Member of the Rhode Island Senate from the 15th district
- In office January 4, 2011 – January 5, 2021
- Preceded by: John F. McBurney III
- Succeeded by: Meghan Kallman

Personal details
- Born: August 9, 1962 (age 63)
- Party: Democratic
- Education: Brown University (BA) Suffolk University (JD)
- Website: Official website

= Donna Nesselbush =

American politician

Donna M. Nesselbush (born August 9, 1962) is an American lawyer, judge and politician from Pawtucket, Rhode Island. A Democrat, she served in the Rhode Island Senate, representing the 15th district. She took office on January 4, 2011 and did not seek re-election in 2020.

A graduate of Brown University (class of 1984), Nesselbush worked as executive director of the Rhode Island Coalition Against Domestic Violence from 1984 to 1991. She attended Suffolk University School of Law, earning a Juris Doctor in 1991. In 2012, Nesselbush completed Harvard University's John F. Kennedy School of Government program for Senior Executives in State and Local Government as a David Bohnett LGBTQ Victory Institute Leadership Fellow. A founding partner of the law firm of Marasco & Nesselbush, she has been an active member of the Rhode Island Bar Association, chairing its social security committee. She was appointed an associate municipal court judge in Pawtucket in 2004 and has served since.

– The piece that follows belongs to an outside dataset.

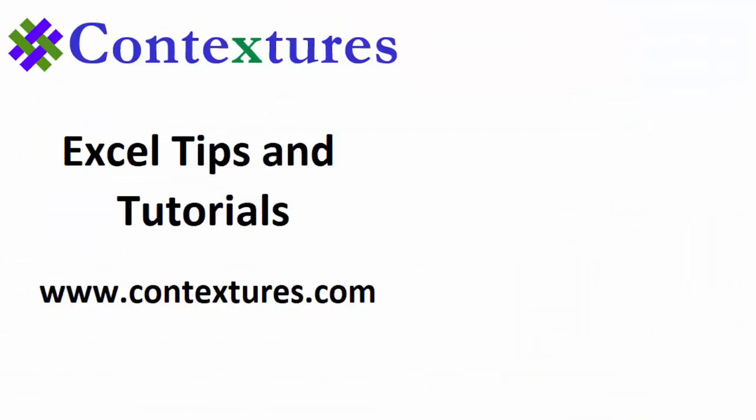Thanks for watching this video. You can go to my website, Contextures.com to get this workbook. And please subscribe to my Contextures YouTube channel so you can see the latest videos as I post them.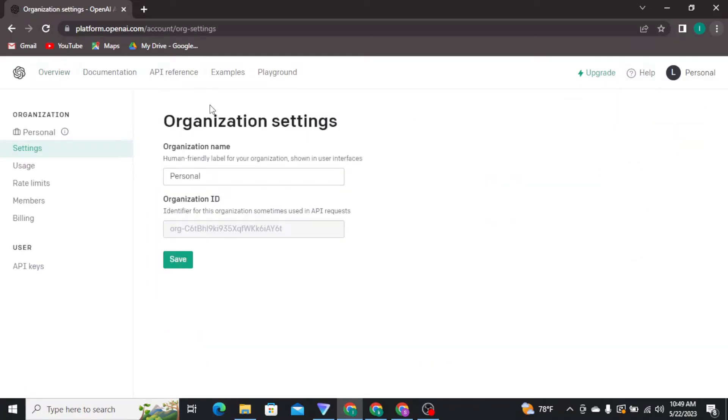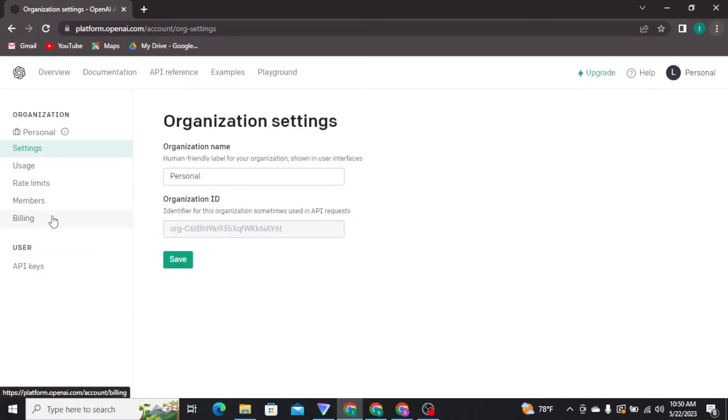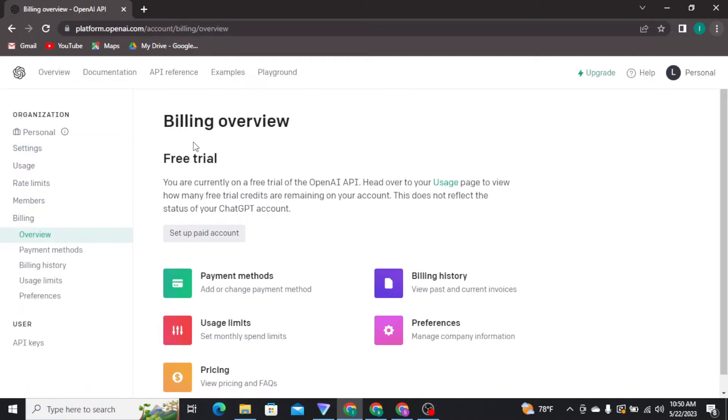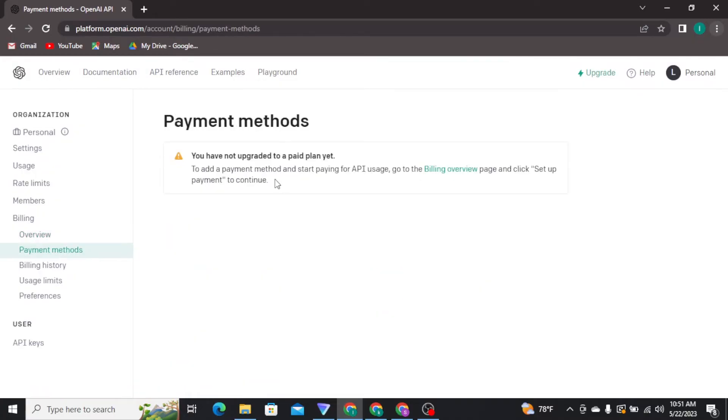Then you'll be taken to this type of page. In this space, you'll be able to see a menu at the left side of your page. From that menu, you have to tap on the billing option, and there you'll be able to see the payment methods option. Tap on that option.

In 2010, she declared her candidacy for the 15th district seat in the Rhode Island Senate. Incumbent John F. McBurney III, a fellow Democrat and fellow judge of the Pawtucket municipal court, subsequently announced that he would not be seeking a nineteenth term in office. Nesselbush won both the primary and general elections unopposed.

Nesselbush is openly gay. Nesselbush did not seek re-election in 2020.